I thought about everyone in my life- my family, my friends, the people I worked with and the people who were acquaintances.  The longer I thought and the more I searched, I came to realize that I couldn’t think of anyone who was single. Not one. They weren’t all married, but they had a steady, significant other. And there I was, still standing by myself.  I’ve always been independent, always doing my own thing, always striking out on my own for a new adventure. So why was this different? Why did it mean so much more now than it did before? I had never been that concerned with my relationship status, but the major change in Andrea’s relationship status shook me, just as Emma was affected by Miss Taylor’s marriage.

With most of her social circle assorted into pairs, Emma decides she’s going to fill her life with matchmaking. Emma’s matchmaking endeavors are a bit disastrous and by the end of the novel, she realizes she has no business messing with others’ hearts. In fact, she doesn’t even know her own heart.

But I do know my own heart. I’ve had plenty of time to think things through. I know who I am. I know what’s happened to me. And I know that I want to live a certain way. Being on my own has given me that time of self-discovery that most people only do when they’re in the small amounts of time between relationships. I know who I am, and I know who my friends are. In this world, those things aren’t always certain, but they are for me. And it doesn’t matter if I’m single or dating or if my friends are single or married.
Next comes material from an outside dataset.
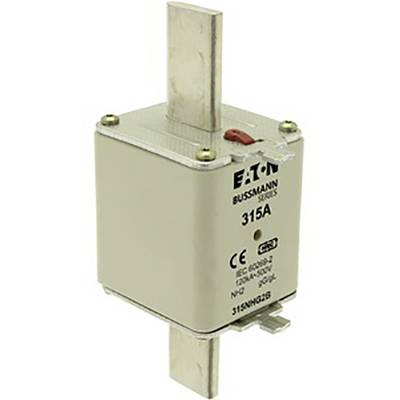 Performance protection for the Eaton Bussmann series with the marking '315A', CE certification, and voltage specifications 120kA, 690V.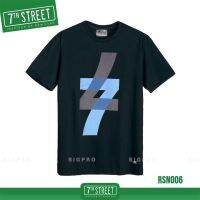 7th Street เสื้อยืด แนวสตรีท รุ่น เลข7 (กรมเข้ม) RSN006 (ของแท้)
“The intimacy between her [Harriet] and Emma must sink; their friendship must change into a calmer sort of good-will; and, fortunately, what ought to be, and must be, seemed already beginning, and in the most gradual, natural manner.”
— Emma (p. 461)

Our world is full of change, and our relationships cannot survive unless we are open to change.  Andrea may be someone’s wife now, but that doesn’t alter the foundations of our friendship. We love each other like family. That will never change. And as long as we continue to dedicate our efforts to remaining friends despite the distance, our friendship will not change either. I know who I am. I know who she is. And I know who we are together.